I'm all for changing styles and artists reinventing themselves. Dan Snaith (Manitoba) did it, and many other electronic artists have skipped around without missing a beat and sometimes even coming out better for it. After what seemed like a long hiatus, Stephan Betke finally re-introduced himself to the work just about a month ago with his hit-or miss 45/45 EP. According to interviews, he'd even grown tired of his old style, and cleaned things up a bit (removing his almost trademark hiss and clicks) to reveal a still-dubby world that had a few interesting things to reveal.

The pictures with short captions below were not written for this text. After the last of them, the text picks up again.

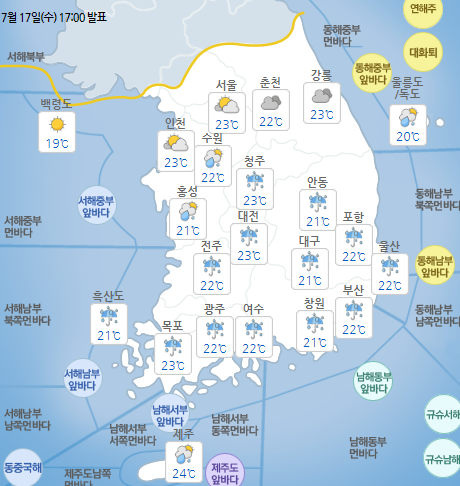 국민안전관리 일일상황 [2019년 7월 18일]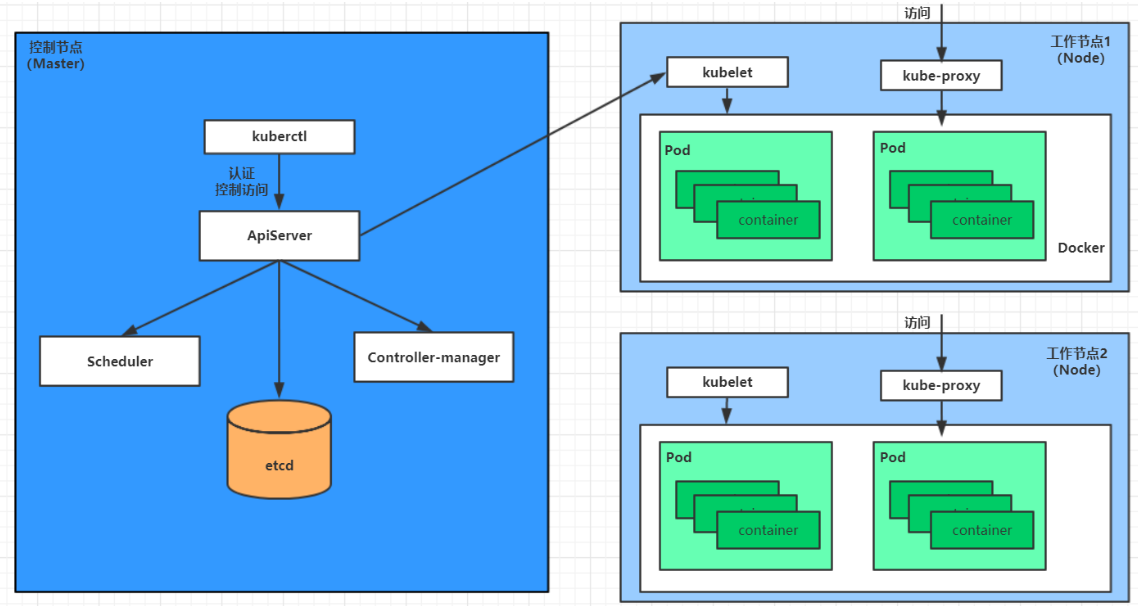 kubernetes常见二次开发 kubernetes详解_docker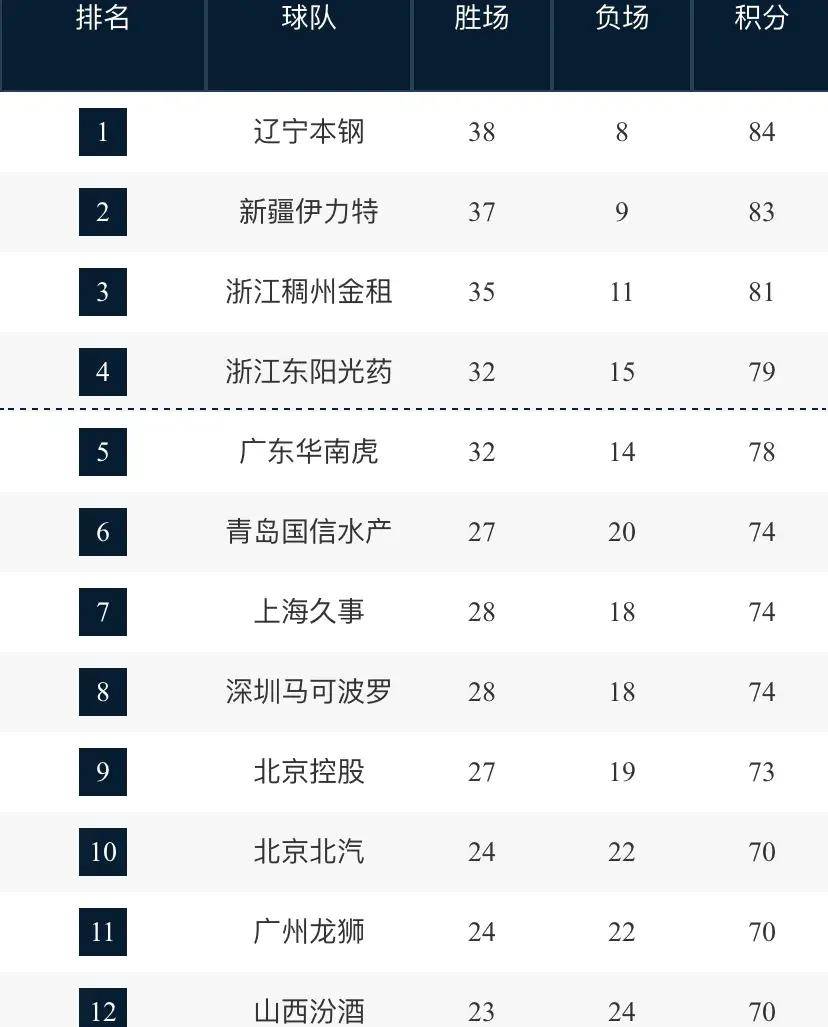 辽宁男篮直播时间表(辽宁男篮直播时间表今天)  第1张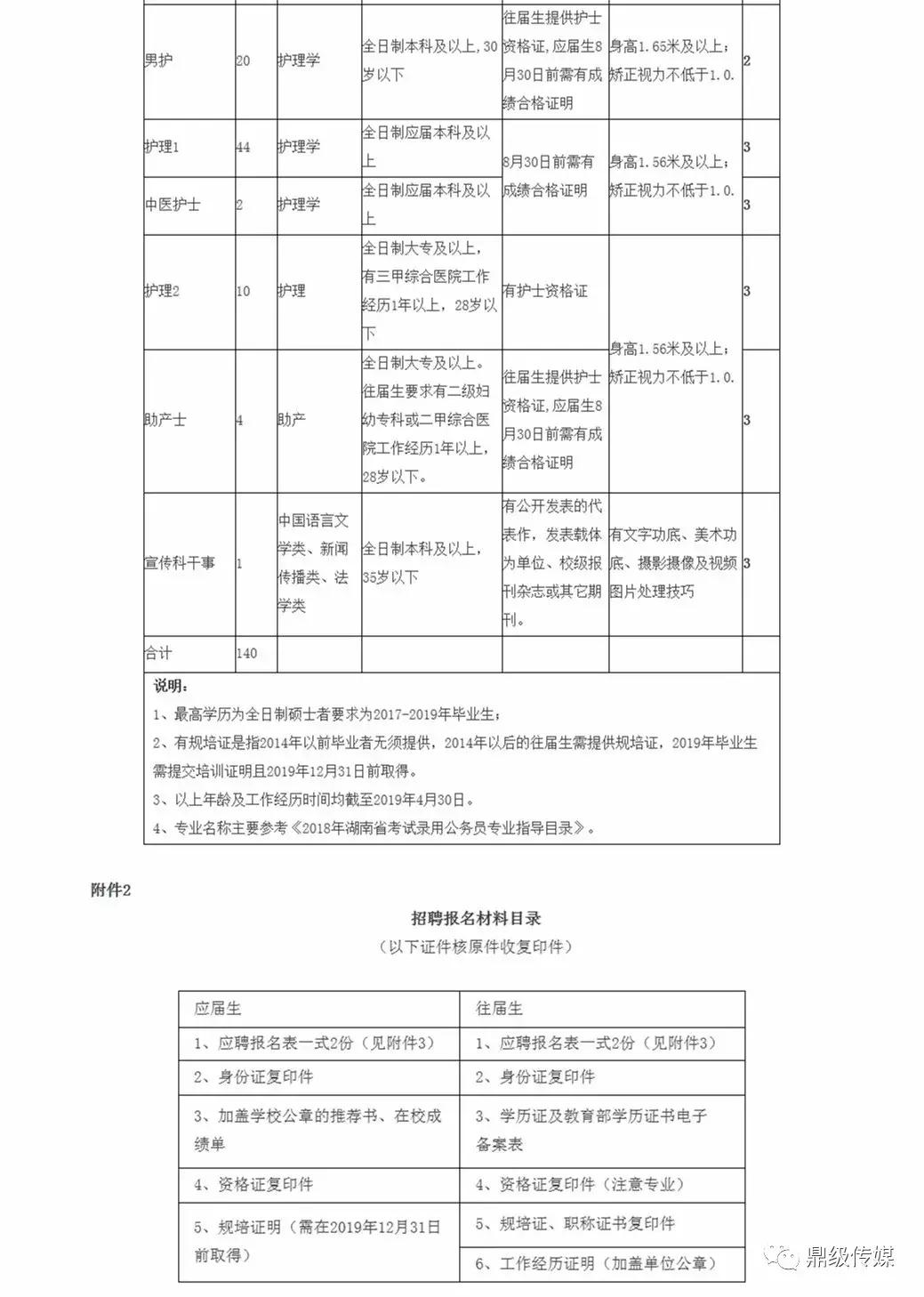 常德市最新招聘信息网，职场黄金平台，助力职业发展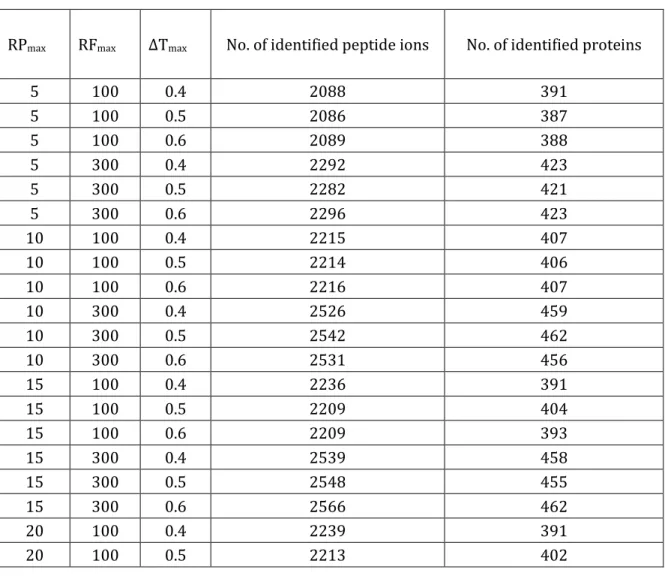 Table 2-1 Analysis of precursor-fragment grouping parameters 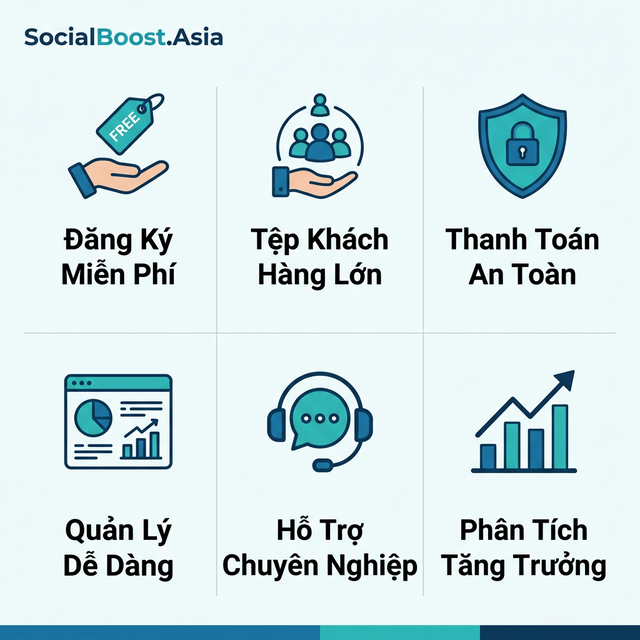 Lợi ích khi bán hàng trên SocialBoost.Asia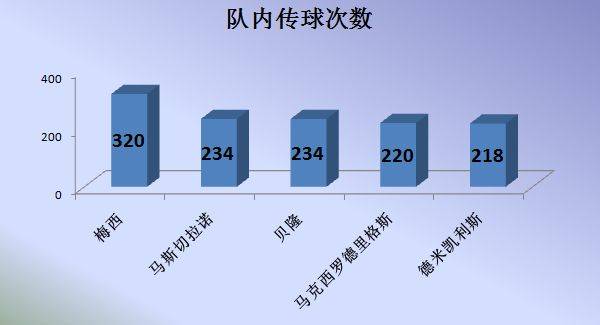 2018世界杯回顾(梅西历届世界杯回顾及2018展望：期待圆梦)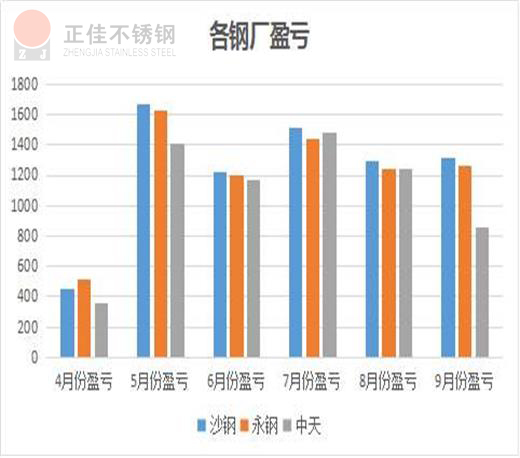 304荣耀体育荣耀体育首页_荣耀（中国）管厂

90/90 EP is the second step in his ultimate three-step unveiling process (the final arrives in his impending full-length), and unfortunately this short EP is a step backwards even from his first of a month ago. The most notable change is that this is the first new release to feature Fat Jon (who joins Betke for 4 tracks on the upcoming self-titled release). "Slow Motion" opens the disc with some juicy programming and looped melodica while Fat Jon adds some vocals that fit perfectly stylistically, but eventually falls prey to the same unprogressive rut as the music backing it.

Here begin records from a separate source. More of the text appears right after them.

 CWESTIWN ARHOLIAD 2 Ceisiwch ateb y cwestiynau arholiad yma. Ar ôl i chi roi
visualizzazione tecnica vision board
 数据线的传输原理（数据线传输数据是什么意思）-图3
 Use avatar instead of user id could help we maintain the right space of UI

"I Can't Hear" features another collaboration (this time with August Engkilde on upright bass and Thomas Haas on sax), and is basically a 5-minute ska-dub freeform that has some nice moments but again doesn't feel substantial enough to carry weight on a short EP. Closing out the EP are inexplicably two more versions of "Slow Motion" (an instrumental and an acapella). It obviously strips each component down to base elements, but with one track making up three-quarters of the EP, you'd be hard pressed to sit through everything, even if you enjoy the original.

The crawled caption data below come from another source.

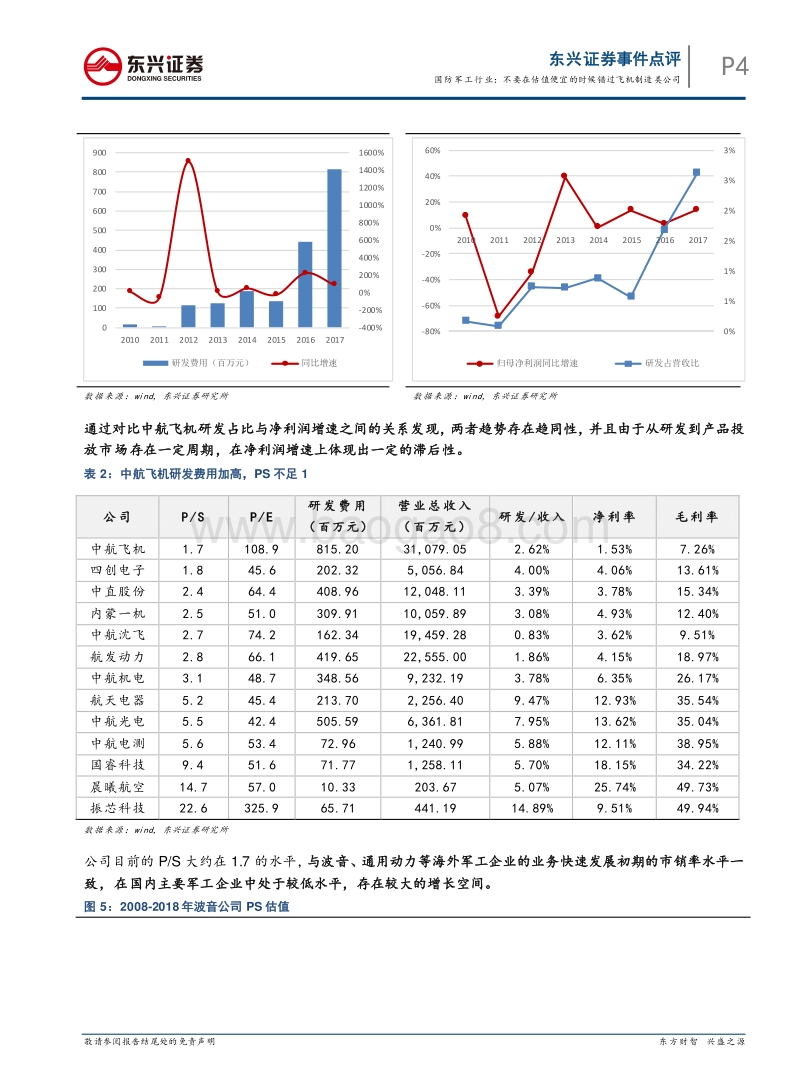 国防军工行业专题报告：不要在便宜的时候错过飞机制造类公司.pdf_第4页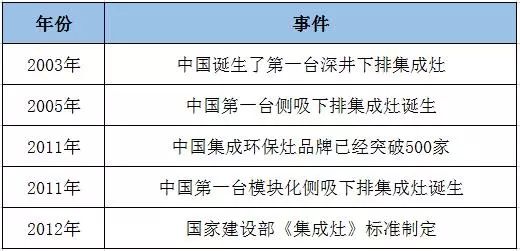 麻豆免费网站下载排名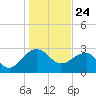 Quinby Creek tide chart for Sunday, January 24, 2021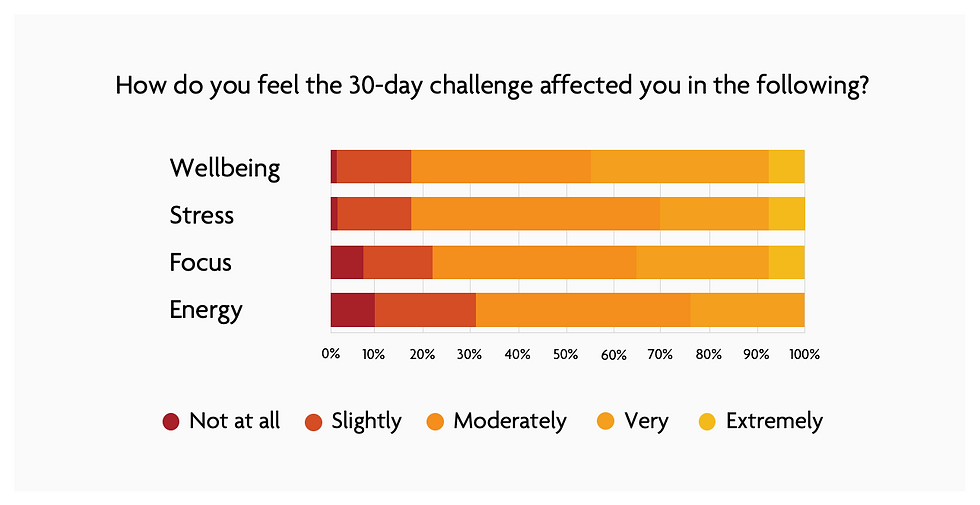 Figure 1. How employees at PwC Iceland found that the meditation challenge impacted them on wellbeing, stress, focus, and energy.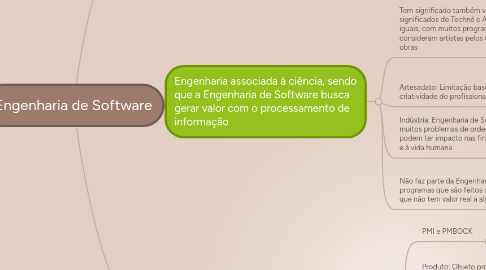 Mind Map: Engenharia de Software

The frustrating part of not only this EP, but the previous 45/45 EP is that once the album comes out, it will pretty much render both of them obsolete. Only the aforementioned "I Can't Hear" doesn't appear on the full-length (although there will admittingly be vocalized versions of tracks that were once instrumental). Even at that, though, I can't help but wonder why Betke didn't include more original tracks, or why he chose to put three versions of the same song (not even remixes, mind you) on this release. Whereas I was once really looking forward to what Pole had in store with his new release, I'm now left wondering if I'll care at all once I hear it.